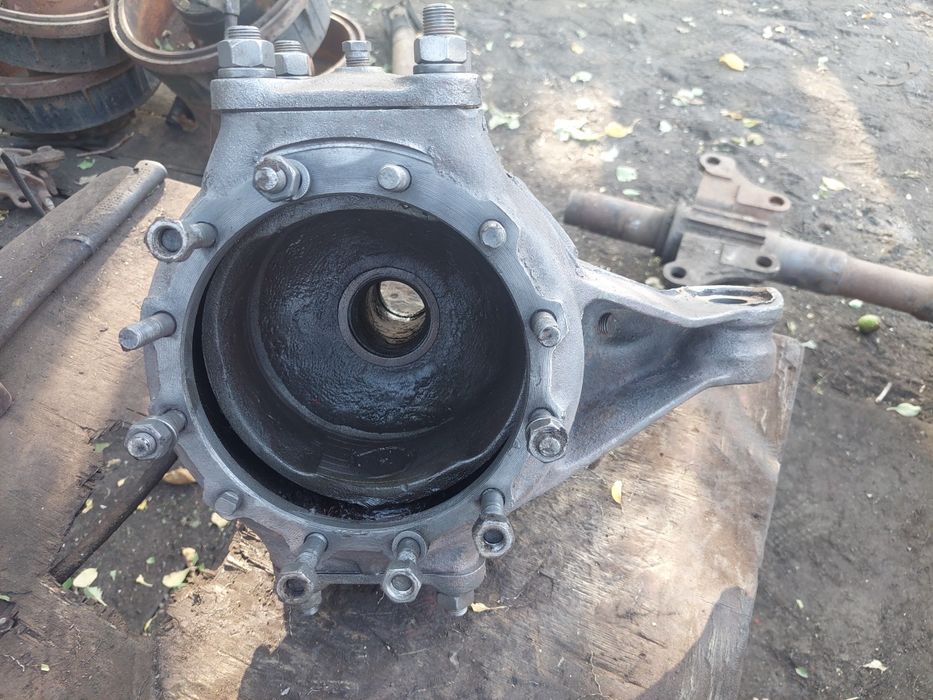 Передні полуосі Шруз Зіл 131.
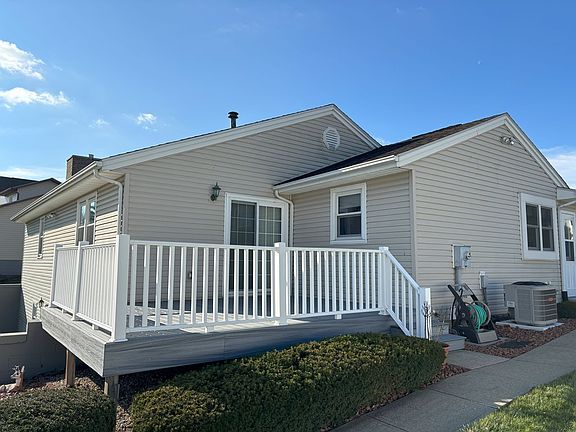 5th image of 320 Clayburne Blvd
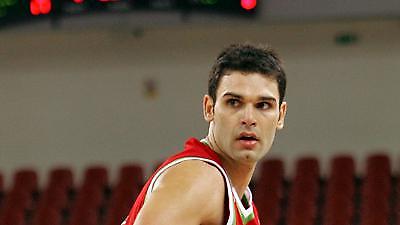 A1: Αγωνία για Σκλάβο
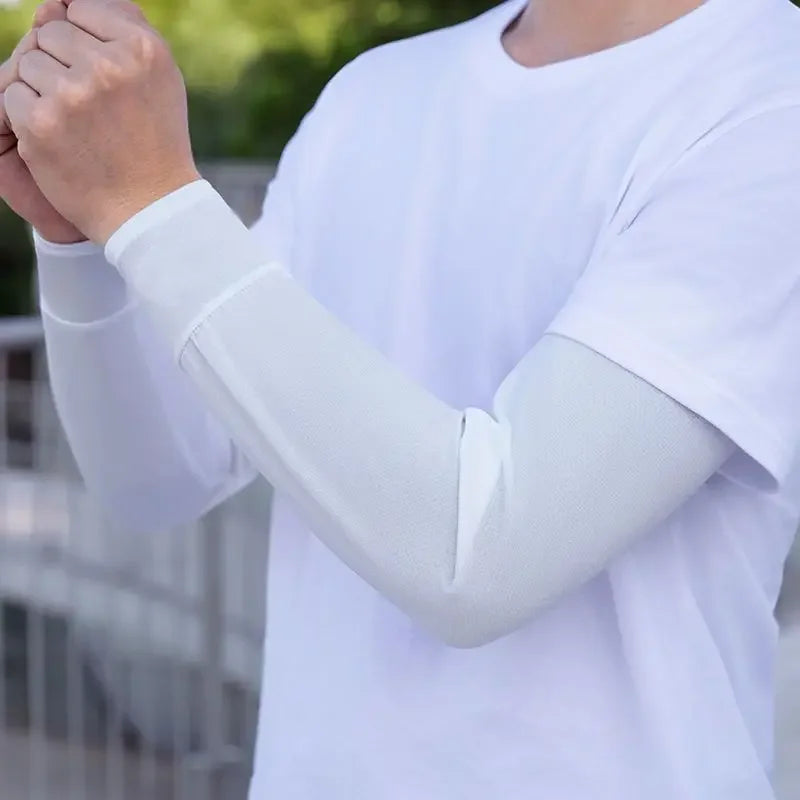 1Pair 2025 Summer Ice Silk Men's Loose Sunscreen Sleeves UV Ice Gloves Riding Arm Guards Sport Running Driving Absorbent Qme White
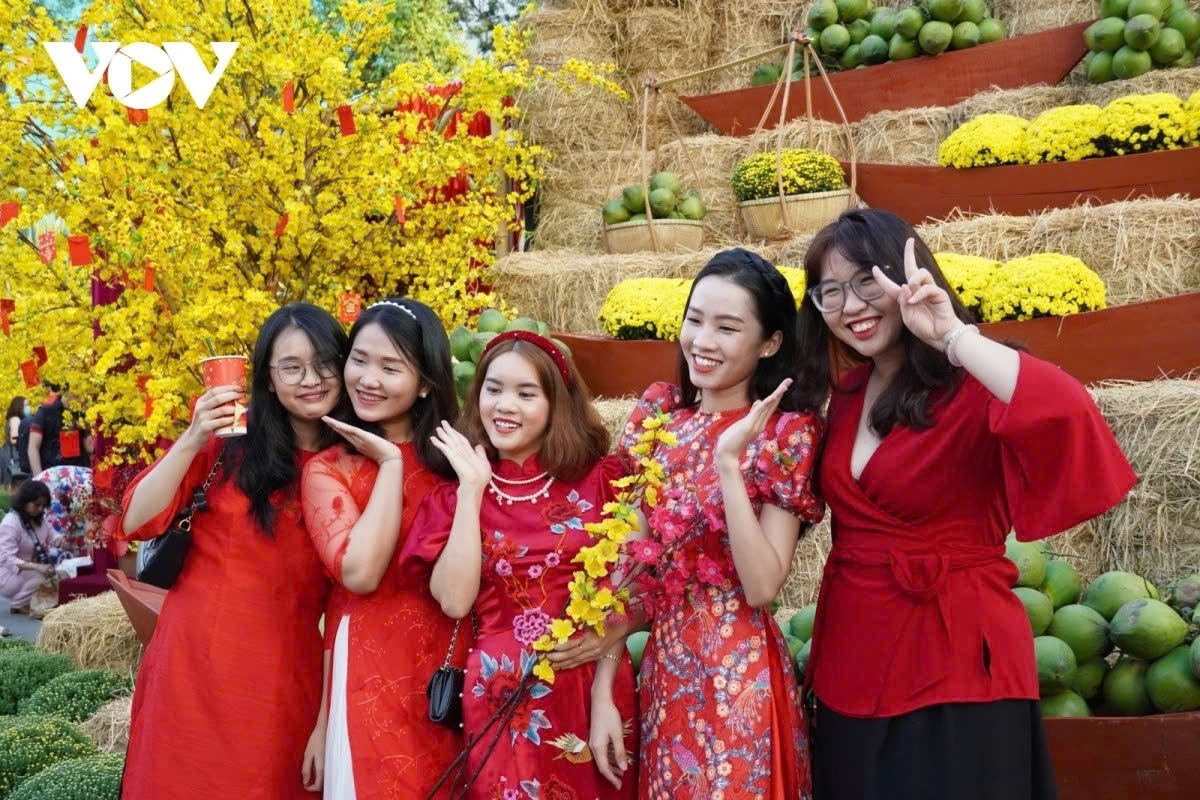 hcm city hosts spring flower festival to welcome lunar new year picture 1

= = = = = = =

Only the lines from the one containing "A1: Αγωνία για Σκλάβο" through the last line of the material should be returned, exactly and without pictures.

 A1: Αγωνία για Σκλάβο
 1Pair 2025 Summer Ice Silk Men's Loose Sunscreen Sleeves UV Ice Gloves Riding Arm Guards Sport Running Driving Absorbent Qme White
 hcm city hosts spring flower festival to welcome lunar new year picture 1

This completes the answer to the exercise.